Pour soigner les malades atteints d’un cancer, Téhéran dispose d’un réacteur atomique à vocation médicale (le TRR). Or celui-ci va s’épuiser l’an prochain. Le conseiller de Hillary Clinton suggère d’aider les Iraniens à le remplacer en proposant qu’un pays tiers vende à Téhéran un nouveau réacteur médical. La France estime qu’une telle vente serait pure folie, car ce réacteur pourrait être détourné à des fins militaires. L’Elysée accepterait, en revanche, que le CEA fournisse les isotopes médicaux dont l’Iran a besoin.

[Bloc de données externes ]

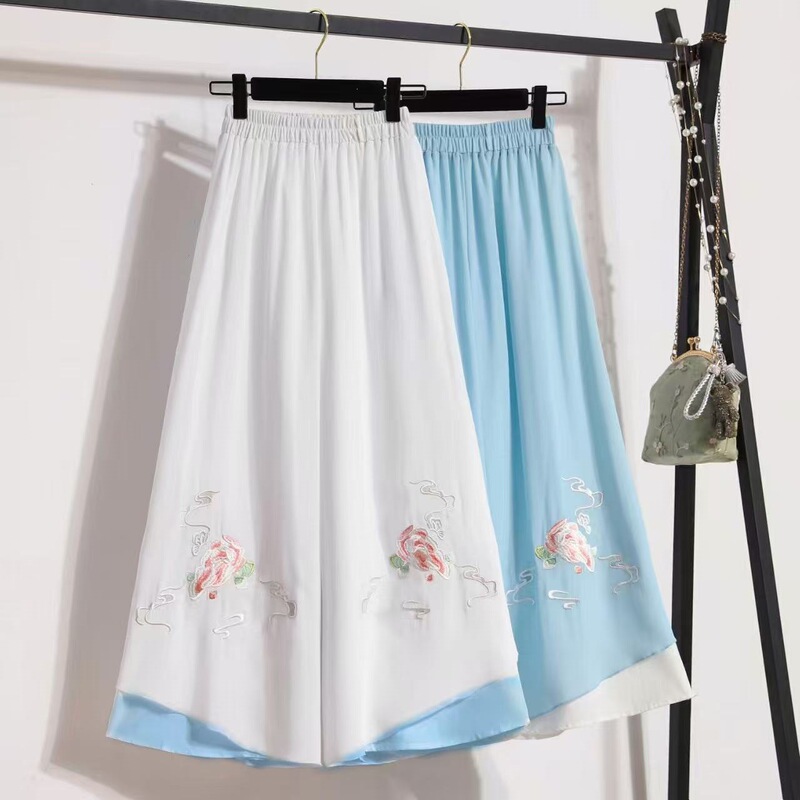 Chinese Style Chiffon Wide-Leg Pants for Women, Tang Suit Matching Long Pants, Chinese Retro Ethnic Style, Zen Yoga Skirt Pants, Tea Attire Chinese Style Chiffon Wide-Leg Pants for Women, Tang Suit Matching Long Pants, Chinese Retro Ethnic Style, Zen Yoga Skirt Pants, Tea Attire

Robert Einhorn envisage également que les 3 tonnes problématiques soient envoyées en Russie pour y être enrichies à 20%. Puis, une partie de ce combustible reviendrait en Iran pour alimenter la centrale atomique de Busher, construite par les Russes. La France considère que cette solution serait une « légitimation » inacceptable du programme d’enrichissement iranien. Une troisième « carotte » fait particulièrement hurler la diplomatie française : si Téhéran transfère ses 3 tonnes en Russie, l’Amérique accepterait que l’Iran conserve une capacité d’enrichissement de l’uranium : les 4 000 centrifugeuses qui tournent déjà dans l’usine de Natanz pourraient continuer à fonctionner. La République islamique s’engagerait à ne pas faire marcher les 4 000 autres prêtes à l’emploi.

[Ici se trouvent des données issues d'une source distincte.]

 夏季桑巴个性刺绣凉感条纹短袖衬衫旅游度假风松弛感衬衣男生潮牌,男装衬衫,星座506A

Lorsque, fin septembre, les conseillers de Nicolas Sarkozy ont découvert - via les Russes - cette dernière idée de Robert Einhorn, ils ont immédiatement contacté la Maison-Blanche. Pour eux, une telle offre à l’Iran serait un encouragement désastreux à continuer de violer les résolutions de l’ONU.

Ils ont menacé de quitter le groupe de négociation.

Cela n’a pas l’air d’avoir ému beaucoup de monde à Washington.

Depuis septembre, Robert Einhorn, toujours obsédé par les 3 tonnes, est retourné deux fois à Moscou. Avec la même proposition sous le bras.